When my daughter was 13, she told me in no uncertain terms that if she ever had a boyfriend he would be a “side dish”—direct quote—because she had too much to do in her life. Trust me, she came out of the womb this way. She arrived in the world with very precise ideas of what she wanted. And to my shock, she remained unwavering in all of them.
It became incredibly clear that I didn’t have anything to do with her headstrong discipline when in preschool I caught her wincing in pain as she hung outside in the dark from a tree branch. When I asked what she was doing, she explained that she needed to practice hanging so she could be the first preschool girl to get all the way across the monkey bars. After she won the monkey bar ribbon, I began referring to her, in my head, as the alien. I’m kidding…but not really. Her younger brothers never shared even one iota of her life mentality; we all just looked on and watched. There was nothing that could knock this kid off her track, and not surprisingly, she stayed true to her “side dish” boyfriend mindset—until recently.

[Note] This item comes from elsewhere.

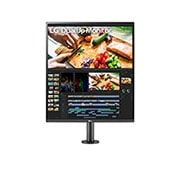 LG Moniteur DualUp 16:18 de 27,6 po avec port USB de type C<sup>MC</sup> et socle Ergo, 28MQ780-B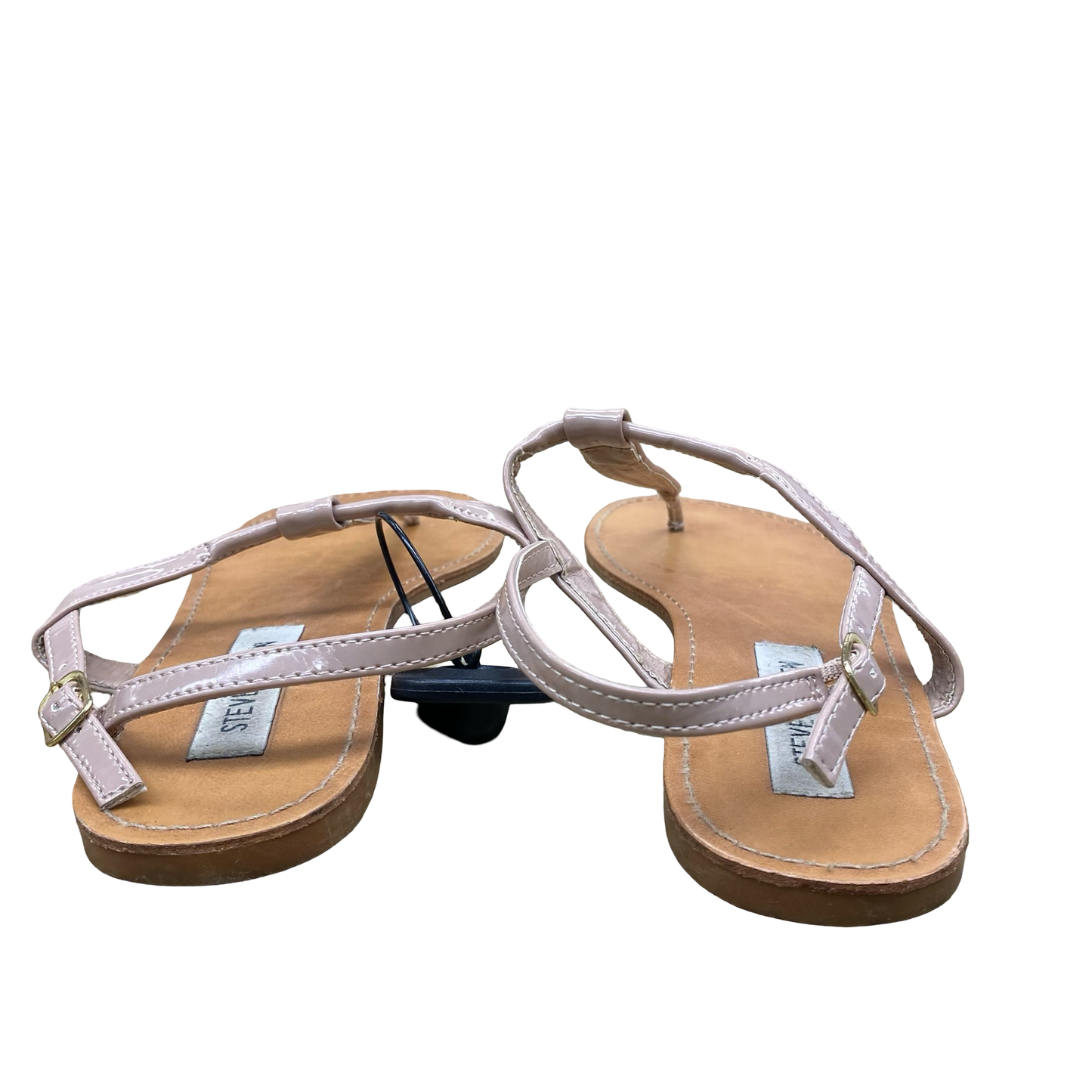 Sandals Flats By Steve Madden In Taupe, Size:8.5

A couple months ago she called me from New York City, where she had moved for her first job. “Mom, listen, I’m not kidding, I’m in love. I mean really in love. He is the greatest person I’ve ever known.” I immediately think to myself, this doesn’t sound like a side dish.
She brought him home to LA, and I instantly saw what I’d experienced myself a long time ago. I saw the “nothing is going to move me, we’re a full-on team” between her and this great guy. The girl who only had time for a side dish is now all-in.
I remembered right then: This is how it all begins. We forget, because life happens. Kids are born, we work, we fight, we run the house, the family, the schedules, and eventually that very specific, all-encompassing love morphs into something else. Whether we’re content with the person we picked, or we divorce and start over or feel stuck in the rut of a seemingly loveless situation, most of us forget to remember that at some point, we were a team. We were once the couple who refused to do anything but make room to be together.
All of us battle in some way inside the relationships we have with the people we love—some more than others. But from what I’ve seen and heard, a solid, steadfast partnership is rare. If pushed, I imagine most of us would answer yes to wanting to be two people who root for each other, who know that beneath the challenges, the other person cares more than anyone else about who we are. The conflicts, the stuff that makes the road hard, will always be there. But it’s the team beneath that conquers the hurdles. The team is the bedrock that keeps it from toppling. And some part of us knows this, because it’s how it began a long time ago.
And isn’t it just like life to choose my daughter, the little alien, who thought love would be only a side dish, to innocently smack me over the head with the simple reminder that at its beginning and best, love is two people on the same team.